The last portion of the post deals with targeted advertising:

…you allow advertisers to craft ads precisely pertinient to your needs, your vulnerabilities. You become your own niche of one. The perfectly targeted ads won’t even seem like ads anymore; it will seem like just-in-time information for the consumer. …

So one won’t be able to escape the sense that everything he wants has already been sold to him, that no desires originate from inside (if that’s not already true). The illusion that you have resisted marketing by buying this instead of that will become even more untenable. Maybe this will end up pushing people out of the market for individuality and into the realm of actual activity.

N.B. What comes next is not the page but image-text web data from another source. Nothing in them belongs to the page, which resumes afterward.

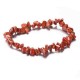 Bohemian Natural Crystal Gravel Bracelet Retro Style Wish Crystal Bracelet For Women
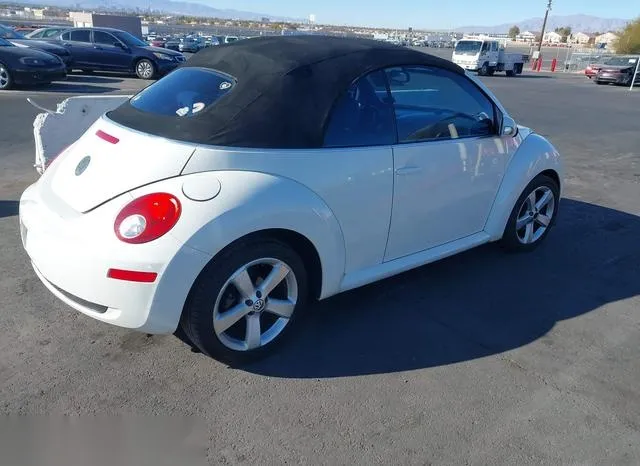 3VWFG31Y27M415871 2007 2007 Volkswagen New Beetle- Triple W 4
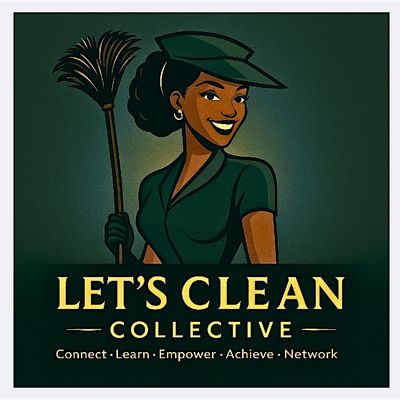 Cheryl Bruce\/Let's CLEAN Collective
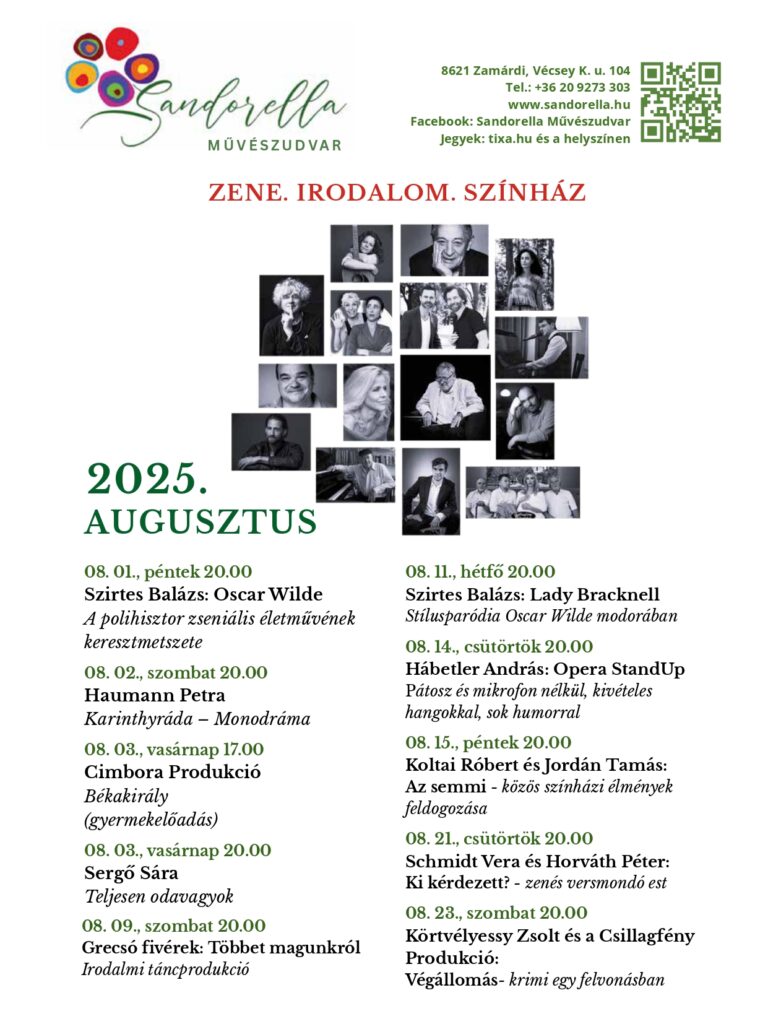 Országút 2025.08.01.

I’m all for targeted advertising. Just this weekend, I happened to be walking by a store I like and noticed that they were having a huge sale. That’s information I would have liked to have. Sure I could sign up for mailing lists, but for one thing that requires me to already know what stores I’m interested in, and then I get pieces of paper that I forget about. Ads targeted to my interest would be great. I post at a forum that does this quite well already (mostly manually) - ads for cooking utensils show up in the cooking threads, clothing in the clothing threads, computers in the geek threads. I buy from there pretty often, frequently because I know I want, say, sheets, but I don’t want to go looking for them. When they show up in the decorating thread, I think “sweet” and go buy them. I’d love it if this happened elsewhere on the internet, rather than seeing ads for stupid TV shows and online college degrees.

I don’t think I’d feel that “no desires originate from inside” though. There are plenty of things I want without ever having seen an ad for them; that’s why the targeted ads are good - because they tell me where I can find the things I want!

But (as Horning says) to the extent that easily being able to find things causes people to define themselves less by what things they have, that sounds like an excellent development. People can be defined instead by what they love, what they believe, what they do. And surely exposure to more options can only help those dimensions to become more authentic.